[Supplied data]:
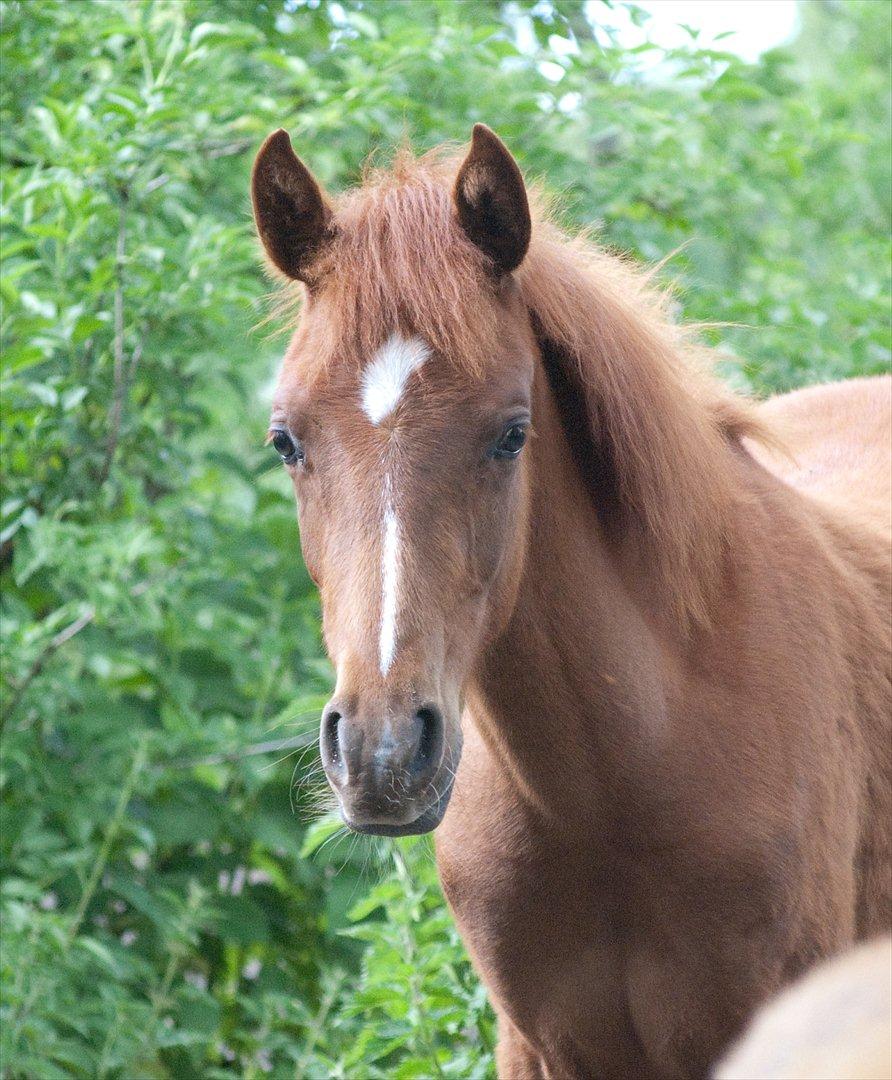 Anden særlig race Enghavegårds Shan billede 2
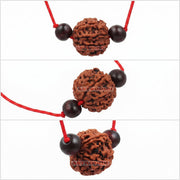 Astrodidi 5 Mukhi Nepali Rudraksha Five Face Rudraksh with Two Red Chandan Beads Lab Certified |Astrological Benefits | Positive Energy (Colour: Brown, Shape: Round)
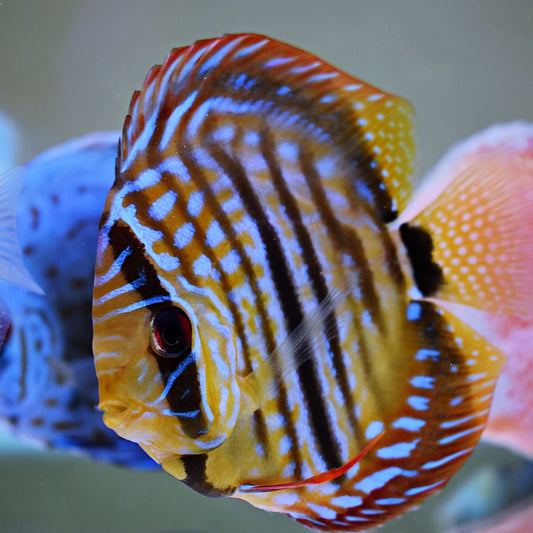 Royal Heckel Cross Discus Fish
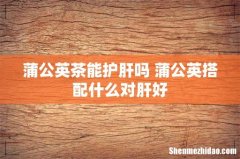 蒲公英茶能护肝吗 蒲公英搭配什么对肝好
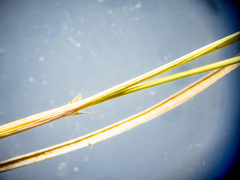 Juncus anthelatus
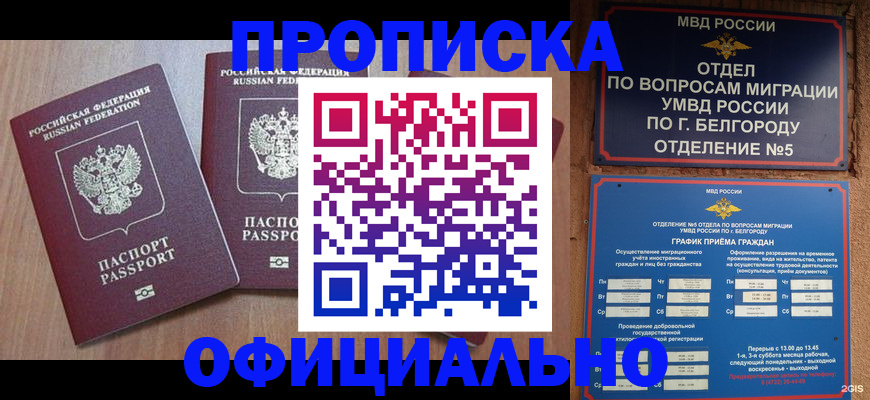 найти адрес прописки в Сальске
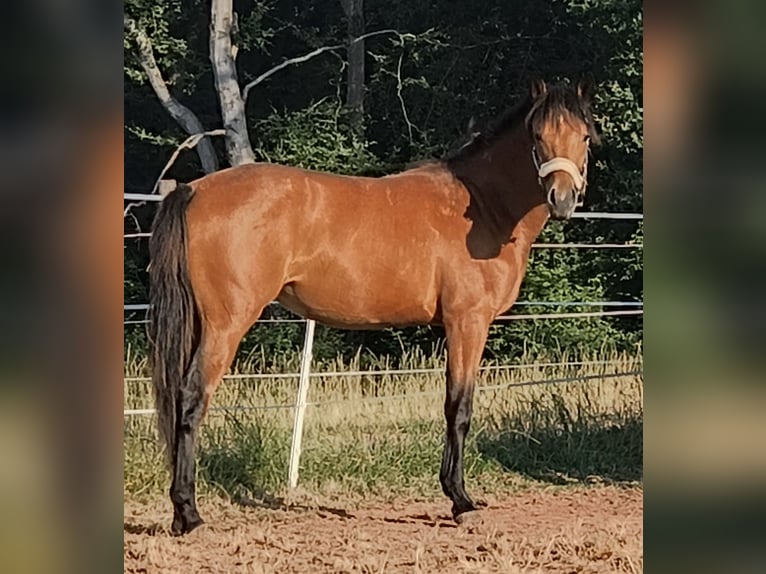 American Quarter Horse Mix Klacz 1 Rok 155 cm  in Merchweiler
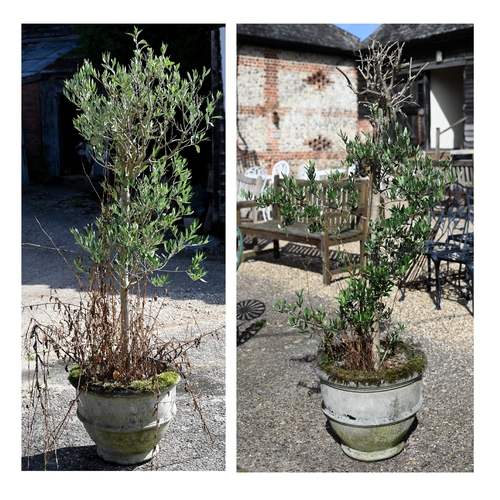 20 - Two well-established olive trees in weathered reconstituted cast stone planters, approx 170 cm high ... 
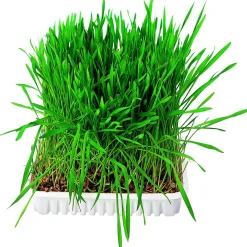 Trixie Kleintiergras 100g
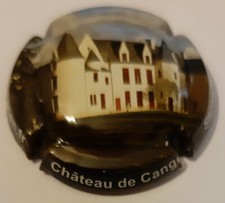 Capsule cancen chateau d'occasion  Sens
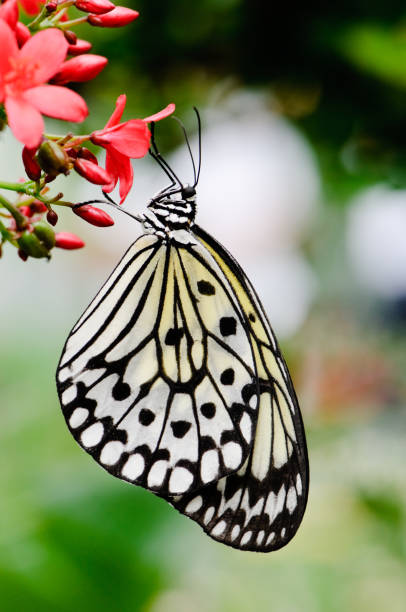 istock Paper Kite or Rice Butterfly (Idea leuconoe) 112785711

[Exercise goal]:
Write out, with no pictures, only the lines from the line containing "найти адрес прописки в Сальске" through the last line of the listing above, exactly and with both ends included.

[Problem solution]:
 найти адрес прописки в Сальске
 American Quarter Horse Mix Klacz 1 Rok 155 cm  in Merchweiler
 20 - Two well-established olive trees in weathered reconstituted cast stone planters, approx 170 cm high ... 
 Trixie Kleintiergras 100g
 Capsule cancen chateau d'occasion  Sens
 istock Paper Kite or Rice Butterfly (Idea leuconoe) 112785711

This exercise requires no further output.